Dorothy sólo trabajaba por las mañanas, y se había marchado cuando Jane volvió al despacho. Pasó toda la tarde intentando convencerse de que la contabilidad no era tan deprimente como parecía, hasta que a las seis menos diez dejó todo y de nuevo condujo los diez kilómetros que la separaban de Penbury. El sol luchaba por salir a través de las nubes, pero el estado de ánimo de Janet seguía siendo oscuro.

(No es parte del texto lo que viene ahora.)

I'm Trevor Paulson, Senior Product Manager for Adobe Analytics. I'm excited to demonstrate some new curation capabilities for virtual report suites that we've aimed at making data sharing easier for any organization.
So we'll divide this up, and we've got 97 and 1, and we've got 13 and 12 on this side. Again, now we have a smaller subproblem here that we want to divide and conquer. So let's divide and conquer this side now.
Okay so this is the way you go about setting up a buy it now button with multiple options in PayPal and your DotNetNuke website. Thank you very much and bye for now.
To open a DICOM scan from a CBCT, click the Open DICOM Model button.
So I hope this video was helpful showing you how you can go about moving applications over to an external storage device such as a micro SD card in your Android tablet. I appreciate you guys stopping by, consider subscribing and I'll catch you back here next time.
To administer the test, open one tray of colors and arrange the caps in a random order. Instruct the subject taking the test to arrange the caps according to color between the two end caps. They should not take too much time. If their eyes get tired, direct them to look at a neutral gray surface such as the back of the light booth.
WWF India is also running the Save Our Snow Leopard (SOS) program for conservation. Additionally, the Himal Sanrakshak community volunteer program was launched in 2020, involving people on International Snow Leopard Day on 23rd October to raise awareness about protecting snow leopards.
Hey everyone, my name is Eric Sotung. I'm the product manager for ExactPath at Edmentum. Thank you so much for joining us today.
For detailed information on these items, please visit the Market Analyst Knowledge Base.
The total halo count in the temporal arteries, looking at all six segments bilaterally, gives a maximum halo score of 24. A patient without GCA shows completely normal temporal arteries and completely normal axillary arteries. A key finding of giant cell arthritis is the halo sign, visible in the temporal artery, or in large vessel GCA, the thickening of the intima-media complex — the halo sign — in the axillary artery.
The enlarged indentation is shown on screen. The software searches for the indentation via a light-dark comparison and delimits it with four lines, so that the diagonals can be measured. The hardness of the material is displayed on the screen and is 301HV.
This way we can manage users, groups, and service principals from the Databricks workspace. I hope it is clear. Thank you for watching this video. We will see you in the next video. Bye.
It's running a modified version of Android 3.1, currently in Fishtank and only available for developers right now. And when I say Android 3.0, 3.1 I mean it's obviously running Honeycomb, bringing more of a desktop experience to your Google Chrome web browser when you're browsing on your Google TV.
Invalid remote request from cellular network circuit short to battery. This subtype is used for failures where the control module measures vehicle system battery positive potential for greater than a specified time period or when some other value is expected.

A mitad de camino la furgoneta de repente se deslizó peligrosamente a un lado, como un símbolo de todas las cosas que le estaban ocurriendo aquel día.

Para intentar amortiguar la tristeza de la muchacha, un rayo de sol brilló de repente como una imagen bíblica. La luz continuó mientras pasaba delante de la iglesia y se paraba delante de la casa de piedra donde había vivido siempre.

Al aparcar se dio cuenta de que la furgoneta de George Smiles no estaba. No podía ser que faltara después de lo que aquella mañana le había dicho.

Con el ceño fruncido, salió de la furgoneta y gritó el nombre de George, por si había dejado la furgoneta aparcada en algún otro lugar.

Del porche salió una silueta y Jane suspiró aliviada. ¡Así que estaba allí! Se dirigió hacia la verja de entrada y se quedó helada al ver que Lyall Harding caminaba hacia ella con total seguridad.

– ¿Qué estás haciendo aquí? -preguntó bruscamente, como para disimular su respiración entrecortada. Estaba furiosa consigo misma. ¿Para qué había estado toda la noche intentando convencerse de que la vuelta de Lyall no iba a significar nada en su vida, si su corazón daba un vuelco cada vez que lo veía?

Lyall abrió la verja para que entrara, con una mirada brillante y divertida.

– No sé por qué pareces tan sorprendida. Tú eres la que querías verme.

– ¿Que yo quería…? ¡Desde luego que no!

– Entonces, ¿por qué me dijiste que estuviera aquí a las seis en punto?

Jane abrió la boca para negar haber dicho nada parecido, y luego la cerró al darse cuenta de lo que había pasado.

– ¿Eras tú? -preguntó confundida.

– Sí, era yo -confirmó gravemente y, aunque su expresión era seria, sus ojos parecían reírse. Jane recordaba bien aquella mirada, la utilizaba como para decirle que ella era demasiado seria, demasiado sensata, demasiado rígida. Finalmente ella había aprendido a reírse, y él solía sonreír y abrazarla fuertemente, diciéndola que la amaba de todas maneras.

– Creía que eras George Smiles -dijo con una mirada acusadora.

– Ya me di cuenta.

¡Era típico de él provocar situaciones que la dejaban en ridículo!